Слишком много времени я провожу в безделье — слушаю, сижу, пью кофе, играю в бильярд. Когда не пишу, я становлюсь скучным. То высокое, что есть во мне, постепенно деградирует. Никогда мне не стать по-настоящему великим писателем. Мои усилия не приводят к достойному результату. Я должен переписывать одно и то же по десять раз, и все равно меня ждет неудача. Пребывание в Пуатье — пустая трата времени. Скучный, сонный, выпавший из времени город. Сплошной застой. Не вижу здесь никого, с кем бы хотелось сойтись. С каждым днем я ощущаю себя все более одиноким. В чудаках все-таки что-то есть. Особенно в Поджах. Гай, Бэзил, Роджер. Я всех их потерял. И никто из них, по существу, не знал меня. С Поджами мне было лучше всего. Сложное чувство — все это несерьезно, но это не должно быть несерьезно, однако несерьезно. Что-то вроде наводящей ужас игры в пинг-понг между двумя вялыми игроками внутри меня.
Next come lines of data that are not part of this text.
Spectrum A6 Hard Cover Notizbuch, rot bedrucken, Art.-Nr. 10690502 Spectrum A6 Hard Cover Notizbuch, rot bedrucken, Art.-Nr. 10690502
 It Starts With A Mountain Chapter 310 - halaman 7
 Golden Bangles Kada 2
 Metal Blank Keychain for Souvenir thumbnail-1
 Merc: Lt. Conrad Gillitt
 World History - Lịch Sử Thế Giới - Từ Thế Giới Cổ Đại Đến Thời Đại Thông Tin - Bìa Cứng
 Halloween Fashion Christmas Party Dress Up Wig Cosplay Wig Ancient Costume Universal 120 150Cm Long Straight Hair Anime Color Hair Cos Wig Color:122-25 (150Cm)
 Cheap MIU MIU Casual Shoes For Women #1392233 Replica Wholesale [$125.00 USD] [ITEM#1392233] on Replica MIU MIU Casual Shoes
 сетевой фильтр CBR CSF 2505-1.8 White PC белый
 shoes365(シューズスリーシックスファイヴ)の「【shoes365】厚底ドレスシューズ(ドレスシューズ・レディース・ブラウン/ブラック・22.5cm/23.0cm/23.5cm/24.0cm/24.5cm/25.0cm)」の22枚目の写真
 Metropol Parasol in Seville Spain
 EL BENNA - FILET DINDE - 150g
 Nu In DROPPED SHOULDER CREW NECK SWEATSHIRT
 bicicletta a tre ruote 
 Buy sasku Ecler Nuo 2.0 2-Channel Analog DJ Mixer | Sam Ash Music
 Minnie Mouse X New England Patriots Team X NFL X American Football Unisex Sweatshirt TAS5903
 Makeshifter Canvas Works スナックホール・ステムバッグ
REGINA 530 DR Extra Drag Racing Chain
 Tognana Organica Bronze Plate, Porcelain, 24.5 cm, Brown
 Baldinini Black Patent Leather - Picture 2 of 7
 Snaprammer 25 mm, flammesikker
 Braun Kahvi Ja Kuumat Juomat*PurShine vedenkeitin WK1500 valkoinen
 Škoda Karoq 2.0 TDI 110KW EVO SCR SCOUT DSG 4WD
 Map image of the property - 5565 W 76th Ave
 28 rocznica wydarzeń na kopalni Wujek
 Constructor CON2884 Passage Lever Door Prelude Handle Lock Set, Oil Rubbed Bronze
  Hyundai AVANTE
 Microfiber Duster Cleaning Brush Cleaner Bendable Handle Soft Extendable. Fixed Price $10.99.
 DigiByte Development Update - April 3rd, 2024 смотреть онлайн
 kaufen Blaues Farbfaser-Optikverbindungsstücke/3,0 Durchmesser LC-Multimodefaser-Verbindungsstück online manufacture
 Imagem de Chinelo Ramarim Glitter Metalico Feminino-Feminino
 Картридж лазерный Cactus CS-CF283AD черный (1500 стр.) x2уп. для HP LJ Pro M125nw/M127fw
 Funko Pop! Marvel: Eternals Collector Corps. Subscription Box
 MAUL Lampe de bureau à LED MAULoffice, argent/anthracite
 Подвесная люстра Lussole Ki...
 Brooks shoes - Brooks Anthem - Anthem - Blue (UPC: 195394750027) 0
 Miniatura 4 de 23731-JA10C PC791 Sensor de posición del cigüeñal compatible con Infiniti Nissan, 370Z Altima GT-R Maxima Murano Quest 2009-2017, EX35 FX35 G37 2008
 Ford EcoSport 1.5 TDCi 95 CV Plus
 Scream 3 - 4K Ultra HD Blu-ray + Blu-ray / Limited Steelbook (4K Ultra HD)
Международные новости нагнетают жуткую тоску. Кажется, что война рядом, она несет с собой всемирный хаос, абсолютный тупик, когда каждый человек в отдельности хочет одного, а природная стихия — другого. И последняя побеждает. Ведущее к столкновению медленное скатывание по склонам навстречу друг другу двух крупных тел. Крушение неизбежно. Все отвратительно. Впервые такой кризис оказывает влияние лично на меня. Сколько во всем этом боли, жестокости, глупости и бессмысленности. Я понимал это и раньше, но никогда прежде не воспринимал события так остро, никогда не чувствовал, что они непосредственно задевают меня. Хочу писать и не могу. Провожу время в «Кафе де ла Пэ», потому что должен быть среди собратьев, чтобы возродить в себе хоть каплю веры. Хочется посмеяться с ними и обо всем забыть. Эго стало навязчивой идеей. С такими новыми мыслями уже нельзя пребывать в одиночестве, поэтому я играю в бильярд, пью кофе, отпускаю шуточки и позволяю времени течь сквозь пальцы, словно оно не имеет никакой цены.
8 декабря
В полночь опять зашли с Чарлзом в бар, но уже с твердым решением не напиваться. Позже, когда мы разошлись, я испытал необыкновенное орнитологическое переживание. Было три часа утра, пустынный город спал, окутанный дымкой тумана. Горело несколько уличных фонарей. Внезапно я услышал множество тоненьких голосков, ошибиться я не мог: то были дрозды. Повсюду. В небе. На крышах домов. У них удивительный свист — тонкий, высокий, звенящий; само вдохновение; в нем отчетливо различается нежный звон. Словно внезапный блеск старинного серебра в темной комнате. Странные, нездешние, прекрасные звуки. Затем, когда я стоял посреди площади, где располагалась префектура, раздался неподражаемый свист дикого селезня, и меня пронзила нервная дрожь. Вряд ли что-то в искусстве или в природе, за исключением разве что пения лесного жаворонка, может мгновенно привести меня в такое острое состояние волнения и радости. То, что этот дикий, пронизанный романтикой свист прозвучал в центре скучного, сонного, удаленного от моря города, было как электрический разряд. Это случилось так неожиданно и так много значило для меня: подумать только, из 60 тыс. жителей города один я удостоился услышать их пение. Полчаса я стоял на площади. Было очень холодно и тихо. За все это время не прошел ни один человек, не проехал ни один автомобиль. И постепенно до меня дошло. Все небо было в птицах. Я отдал бы все на свете, чтобы узнать наверняка, что там, хотел, чтобы мгновенно явился дневной свет, будто его включили. Время от времени я слышал зеленых ржанок, золотистый бекас облетел площадь, словно заблудился, он летел так низко, что, казалось, я его вижу. Повсюду дрозды. Потом раздался сладострастный крик — кому он принадлежал, я не распознал. Непрерывное посвистывание и шуршание крыл. И вдруг стремительное приближение большой стаи, такой шум бывает только от стаи диких уток. Должно быть, они летели относительно низко. Наверное, по каким-то причинам происходила великая миграция птиц, а я случайно оказался на их пути. Бог знает, почему птицы летели через Пуатье. Я вернулся домой около половины четвертого и открыл окно. Комнату тут же заполнил свист дроздов. Зеленых ржанок. Я бросил взгляд в сторону сортировочной станции. Неожиданно над железнодорожными путями пронесся крик диких уток, они как будто узнали все еще освещенную станцию. Через некоторое время крики повторились. В конце концов, сильно продрогший, я отправился спать.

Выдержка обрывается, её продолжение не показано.